In fact, the opportunity to intensify my hatred for Red Sox Nation is one of the most significant benefits of being a New York Yankees fan. If you are wondering where my hatred of Red Sox nation emanates from, consider the following.
- They were the last team in baseball to desegregate.
- Their long-time owner Thomas Yawkey was an ardent racist.
- The street bearing Yawkey’s name remains outside of Fenway Park.
- The city of Boston was the last major U.S. city to desegregate its schools.
- Many residents of Boston consider racial bias, racial hatred, prejudice, discrimination, and institutional racism its grandest traditions.
- Adam Jones of the Baltimore Orioles was repeatedly called the “N-Word” while playing in Fenway Park this year.
- Many MLB superstars have demanded a no-trade clause to the Red Sox as they wish to avoid such virulent racism from its fanbase and city residents.
It is this realization that makes me applaud the protestors who were able to infiltrate last night’s Red Sox game, a game that the Red Sox lost to the Oakland Athletics (7 – 3) I gleefully add, and unfurled a banner over the vaunted “Green Monster” in Left Field that offered an unmistakable truth in the city that the American Revolution began.
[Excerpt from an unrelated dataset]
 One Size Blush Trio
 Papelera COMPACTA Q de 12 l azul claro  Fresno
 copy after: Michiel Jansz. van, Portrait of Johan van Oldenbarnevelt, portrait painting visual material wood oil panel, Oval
The banner read “Racism is as American as Baseball.” From my perspective, there was no grander place for this message to be displayed than Fenway Park.
Although the banner offered a relatively simple message, it provided a snap shot of what most reasonable minded Americans recognize as a historically supportable truth. By the time the Founding Father’s who refused to “be the slaves of Britain” declared their Independence from the Crown, it was evident that this nation had nurtured a rapidly developing system of racial discrimination that benefited them in unconscionable ways. Make no mistake about it, even the British realized that the exponentially increasing strength of this rag-tag bunch of farmers who dared to stand toe-to-toe with a professional army was due to force and power flowing from chattel slavery; there is no better explanation for why the initial step that the British took toward quelling the pending revolution was the outlawing of the Trans-Atlantic Slave Trade.
So the assertion that “Racism is as American as Baseball” is historically verifiable from many angles. In fact, the sport that is commonly termed America’s favorite pastime was a bastion of institutional racism in and of itself as it refused admittance to Negro League players. Often missed in celebrations of Jackie Robinson’s token integration of “Major League Baseball” is the fact that to this moment there are no black owners of an MLB team; before you holler that is untrue, let me tell you that I am well aware of famed Yankee Derek Jeter’s inclusion in the group that purchased the Miami Marlins. Reasonable minded people view the integration of the Major League’s without the addition of a single black owner from the Negro League ranks to be a hostile takeover and raiding of black ballclubs for talent, not any form of power sharing that real integration would lead to as with the merging of the NBA and ABA.
Hence, I think that it is was incredibly appropriate for Boston’s Fenway Park to be the location that the message of “Racism is as American as Baseball” to be shared for the world to see. There is truth in the statement, after all.